=== Problem requirements ===
All that should be output is the block of lines below from the line with "What's up guys, it" to the line with "To begin creating", both included, exactly as written.

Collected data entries
···

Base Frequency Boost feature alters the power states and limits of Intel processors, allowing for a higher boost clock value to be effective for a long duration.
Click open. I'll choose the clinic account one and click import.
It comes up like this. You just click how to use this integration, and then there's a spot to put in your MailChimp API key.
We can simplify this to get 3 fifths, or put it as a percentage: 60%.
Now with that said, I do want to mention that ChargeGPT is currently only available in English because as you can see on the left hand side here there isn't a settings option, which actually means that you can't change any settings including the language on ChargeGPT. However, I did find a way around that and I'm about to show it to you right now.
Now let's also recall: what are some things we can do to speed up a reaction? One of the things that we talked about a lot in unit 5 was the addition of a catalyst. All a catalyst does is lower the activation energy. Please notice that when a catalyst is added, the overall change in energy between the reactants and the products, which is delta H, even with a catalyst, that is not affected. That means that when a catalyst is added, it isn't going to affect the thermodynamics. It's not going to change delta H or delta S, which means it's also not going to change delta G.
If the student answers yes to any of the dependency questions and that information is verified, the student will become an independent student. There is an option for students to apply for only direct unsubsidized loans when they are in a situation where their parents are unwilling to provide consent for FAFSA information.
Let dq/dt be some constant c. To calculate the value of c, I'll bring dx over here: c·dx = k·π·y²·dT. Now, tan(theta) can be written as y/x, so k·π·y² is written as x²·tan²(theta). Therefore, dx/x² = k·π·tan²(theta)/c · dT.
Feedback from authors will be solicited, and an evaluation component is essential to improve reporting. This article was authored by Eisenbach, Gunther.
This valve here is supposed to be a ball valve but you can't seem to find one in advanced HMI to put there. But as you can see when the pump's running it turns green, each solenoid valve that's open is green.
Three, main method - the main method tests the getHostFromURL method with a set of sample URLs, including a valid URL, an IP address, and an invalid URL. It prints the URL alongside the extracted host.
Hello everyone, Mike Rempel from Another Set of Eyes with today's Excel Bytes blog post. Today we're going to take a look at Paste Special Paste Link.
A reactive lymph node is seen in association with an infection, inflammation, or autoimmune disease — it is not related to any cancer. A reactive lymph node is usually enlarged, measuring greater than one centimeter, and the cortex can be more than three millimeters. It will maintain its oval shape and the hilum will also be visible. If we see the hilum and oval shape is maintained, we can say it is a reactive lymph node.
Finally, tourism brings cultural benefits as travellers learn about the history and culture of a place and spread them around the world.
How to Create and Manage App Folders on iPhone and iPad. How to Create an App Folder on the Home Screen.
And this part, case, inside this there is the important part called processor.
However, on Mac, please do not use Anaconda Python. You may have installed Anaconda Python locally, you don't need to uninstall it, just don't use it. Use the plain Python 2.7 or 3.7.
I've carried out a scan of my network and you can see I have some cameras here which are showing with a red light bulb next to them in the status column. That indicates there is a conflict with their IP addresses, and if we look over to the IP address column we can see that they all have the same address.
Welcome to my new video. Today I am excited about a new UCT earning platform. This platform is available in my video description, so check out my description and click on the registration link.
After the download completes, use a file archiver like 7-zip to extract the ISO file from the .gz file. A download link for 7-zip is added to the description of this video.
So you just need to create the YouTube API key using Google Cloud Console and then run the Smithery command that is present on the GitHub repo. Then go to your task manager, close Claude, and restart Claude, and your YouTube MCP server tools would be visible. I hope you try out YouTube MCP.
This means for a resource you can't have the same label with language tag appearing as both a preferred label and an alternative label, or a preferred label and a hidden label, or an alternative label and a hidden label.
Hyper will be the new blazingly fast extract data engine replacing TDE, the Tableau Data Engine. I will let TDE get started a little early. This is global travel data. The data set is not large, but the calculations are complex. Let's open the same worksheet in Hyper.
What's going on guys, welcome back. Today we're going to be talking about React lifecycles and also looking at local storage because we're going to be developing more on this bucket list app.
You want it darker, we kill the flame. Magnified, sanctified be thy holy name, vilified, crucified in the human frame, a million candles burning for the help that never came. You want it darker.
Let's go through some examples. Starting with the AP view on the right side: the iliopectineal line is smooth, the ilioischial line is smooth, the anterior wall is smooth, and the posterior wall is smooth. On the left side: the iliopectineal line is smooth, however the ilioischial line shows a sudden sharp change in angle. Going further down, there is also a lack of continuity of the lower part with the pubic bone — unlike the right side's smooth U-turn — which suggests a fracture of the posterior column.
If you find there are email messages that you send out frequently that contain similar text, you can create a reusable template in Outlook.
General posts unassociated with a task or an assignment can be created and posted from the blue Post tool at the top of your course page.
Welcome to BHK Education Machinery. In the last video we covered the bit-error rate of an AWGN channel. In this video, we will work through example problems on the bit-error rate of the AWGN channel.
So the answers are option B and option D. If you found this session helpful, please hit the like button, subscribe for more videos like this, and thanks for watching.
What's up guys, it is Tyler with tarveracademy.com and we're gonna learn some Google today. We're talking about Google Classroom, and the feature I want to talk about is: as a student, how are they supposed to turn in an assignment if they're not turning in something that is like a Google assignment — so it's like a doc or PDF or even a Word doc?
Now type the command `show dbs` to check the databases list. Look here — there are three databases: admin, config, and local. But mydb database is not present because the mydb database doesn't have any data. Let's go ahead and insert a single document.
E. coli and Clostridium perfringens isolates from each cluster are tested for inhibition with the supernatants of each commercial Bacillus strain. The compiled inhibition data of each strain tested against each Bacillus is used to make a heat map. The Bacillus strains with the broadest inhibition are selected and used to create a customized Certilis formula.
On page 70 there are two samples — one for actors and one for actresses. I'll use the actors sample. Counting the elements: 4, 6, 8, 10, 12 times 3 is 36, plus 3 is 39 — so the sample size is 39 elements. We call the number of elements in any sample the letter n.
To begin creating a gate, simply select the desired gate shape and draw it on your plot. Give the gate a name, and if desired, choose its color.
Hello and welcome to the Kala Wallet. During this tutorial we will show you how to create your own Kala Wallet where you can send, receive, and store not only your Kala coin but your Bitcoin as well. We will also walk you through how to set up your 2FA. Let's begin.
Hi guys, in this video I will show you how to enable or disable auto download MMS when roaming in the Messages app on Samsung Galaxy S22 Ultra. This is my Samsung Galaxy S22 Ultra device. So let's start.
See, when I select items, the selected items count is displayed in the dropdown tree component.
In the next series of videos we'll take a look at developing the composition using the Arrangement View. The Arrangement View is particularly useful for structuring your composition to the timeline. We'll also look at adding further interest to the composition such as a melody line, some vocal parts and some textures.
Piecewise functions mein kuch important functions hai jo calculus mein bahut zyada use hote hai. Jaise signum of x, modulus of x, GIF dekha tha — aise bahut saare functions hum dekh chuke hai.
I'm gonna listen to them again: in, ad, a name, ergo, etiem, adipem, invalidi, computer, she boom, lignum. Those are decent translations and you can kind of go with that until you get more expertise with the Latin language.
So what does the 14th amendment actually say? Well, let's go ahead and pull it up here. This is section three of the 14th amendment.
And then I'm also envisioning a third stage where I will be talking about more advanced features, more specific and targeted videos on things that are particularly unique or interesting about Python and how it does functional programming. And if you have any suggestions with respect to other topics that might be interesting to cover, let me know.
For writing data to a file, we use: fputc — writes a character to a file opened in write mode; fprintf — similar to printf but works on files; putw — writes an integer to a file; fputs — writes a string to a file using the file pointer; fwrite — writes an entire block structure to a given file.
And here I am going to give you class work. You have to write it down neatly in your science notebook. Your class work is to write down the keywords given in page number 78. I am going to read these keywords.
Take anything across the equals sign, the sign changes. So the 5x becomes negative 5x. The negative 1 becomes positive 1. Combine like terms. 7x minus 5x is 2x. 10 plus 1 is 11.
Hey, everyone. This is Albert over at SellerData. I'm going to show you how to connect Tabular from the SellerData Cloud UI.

···

=== Result of this exercise ===
What's up guys, it is Tyler with tarveracademy.com and we're gonna learn some Google today. We're talking about Google Classroom, and the feature I want to talk about is: as a student, how are they supposed to turn in an assignment if they're not turning in something that is like a Google assignment — so it's like a doc or PDF or even a Word doc?
Now type the command `show dbs` to check the databases list. Look here — there are three databases: admin, config, and local. But mydb database is not present because the mydb database doesn't have any data. Let's go ahead and insert a single document.
E. coli and Clostridium perfringens isolates from each cluster are tested for inhibition with the supernatants of each commercial Bacillus strain. The compiled inhibition data of each strain tested against each Bacillus is used to make a heat map. The Bacillus strains with the broadest inhibition are selected and used to create a customized Certilis formula.
On page 70 there are two samples — one for actors and one for actresses. I'll use the actors sample. Counting the elements: 4, 6, 8, 10, 12 times 3 is 36, plus 3 is 39 — so the sample size is 39 elements. We call the number of elements in any sample the letter n.
To begin creating a gate, simply select the desired gate shape and draw it on your plot. Give the gate a name, and if desired, choose its color.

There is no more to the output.